Along with cultivating the right set of circumstances to promote your adherence to a smartly planned training program informed by your own individual goals, strengths, lifestyle, schedule, current fitness level, and climbing-related areas that need work, you’ll most likely need to make a longer-term commitment to training than you might expect or want to. Seeing real-world climbing-performance results from training takes time, and jumping from program to program or only training sporadically with no real consistency will not yield the most effective, efficient results – nor will rigid adherence to a schedule no matter what. A disciplined and committed but also flexible and malleable approach that involves consistency in training along with an understanding that missing one or two workouts here and there really doesn’t matter is the best approach. Too much commitment and a set-in-stone mentality about training can lead right into overtraining and overuse injuries – the topic of the next series.

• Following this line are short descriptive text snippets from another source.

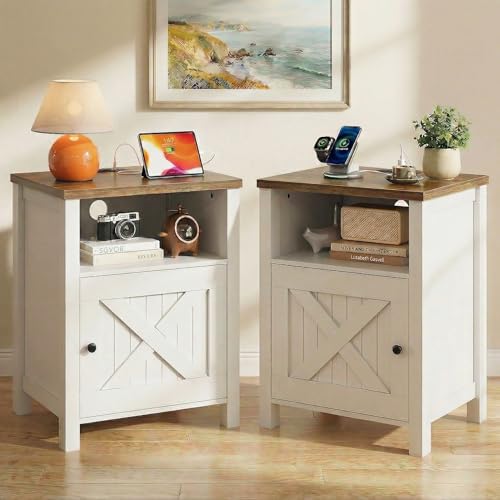 Marsail Farmhouse Nightstand Set of 2 Wood Bedside Table with Charging Station Night Stand with Shelf and Doors End Table with Storage Side Table for Bedroom White & Brown
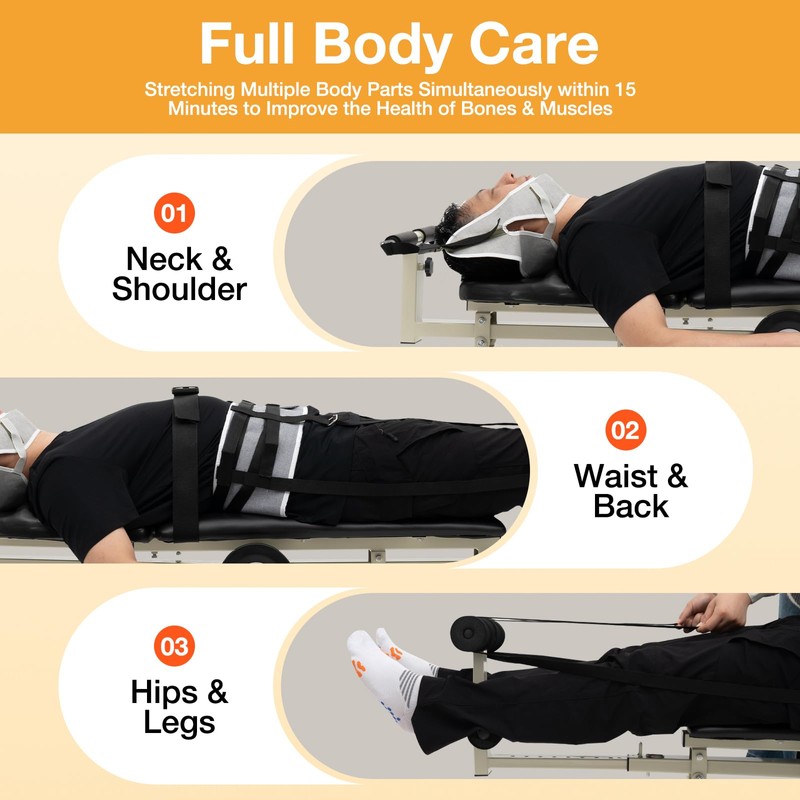 Cervical Spine Stretcher Machine,Multifunctional Traction Table,Traction Bed Folding Massage Bed,
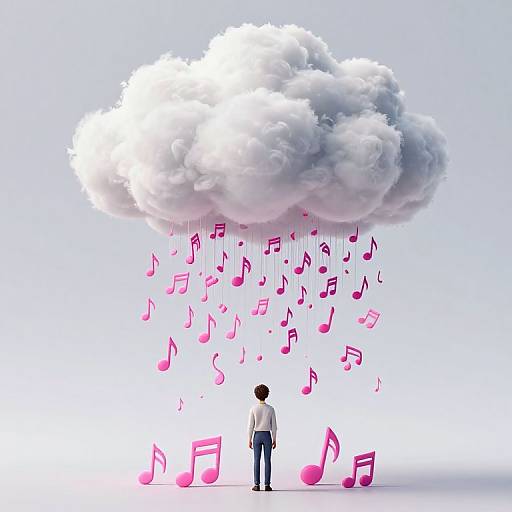Digital illustration of a man in a white shirt and black pants standing under a cloud raining pink musical notes.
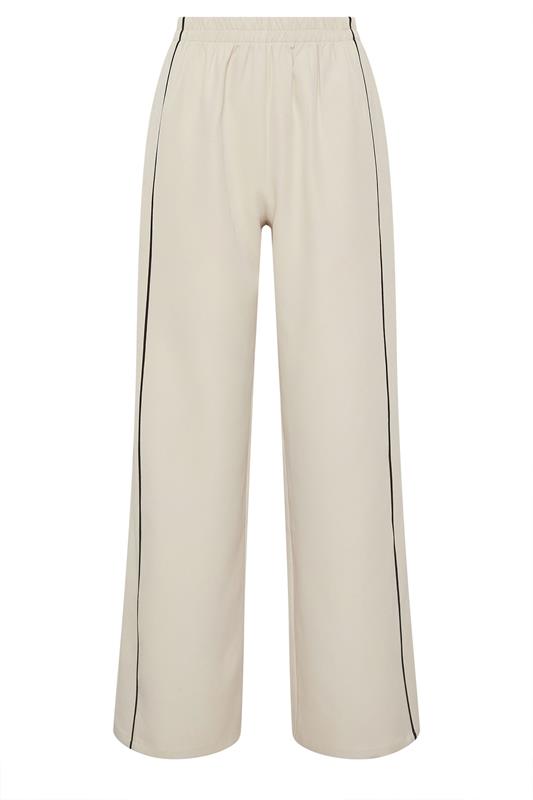LTS Tall Women's Ivory White Piped Wide Leg Trousers | Long Tall Sally 5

Training smartly is a long-term endeavor that will always be a work in progress, and you’ll have to have faith that what you’re doing is worth it and will help you improve your climbing ability. Your program will change with the seasons and with your gains from training and with any new knowledge acquired from your not-sends and struggles, too…but at the same time, you’ll want to keep it somewhat consistent so that you do, indeed, see gains in the areas that need the most work. For most people, myself included, the first year or two of training using a more structured, less-“climbing-is-the-only-training-I-need-for-climbing” approach is the most difficult time; it requires a leap of faith because you’ll give up some climbing time, and it also takes a serious amount of time for most people to see real, tangible, on-the-rocks improvement – but boy, when you do, you’ll be likely to get hooked. I certainly did!
Read more about the latest advances in sports psychology in Evidence-Based Applied Sport Psychology: A Practitioner’s Manual. It’s an information-packed (read: dense) and fascinating read on the mind-body connection and why different people benefit more/less from different approaches for mental training.
This multipart series of blogs and articles starts here, in case you have to catch up – you’ll also find a full table of contents, complete with links, in that entry. My designation of each area as “easy,” “medium” or “hard” is purely subjective. I’ve arrived at the designations from my personal experience garnered from 20+ years of climbing along with observations I’ve made as a climbing coach/certified personal trainer. You may find some of the areas harder or easier to change. You also might not agree with me or my take on things. That’s fine – feel free to take it or leave it as you wish! Also, remember that the information I provide here is purely offered as advice and that no exercises or training program should be undertaken without receiving medical clearance from a healthcare professional.
One other caveat: As will be true for all of the entries and articles in this series, if you’ve already mastered or maxed out the topic at hand to the best of your ability level, you’ll reap far fewer benefits or none at all from my suggestions – good for you that you figured it out, but sorry I couldn’t help you out more. Happy climbing and training!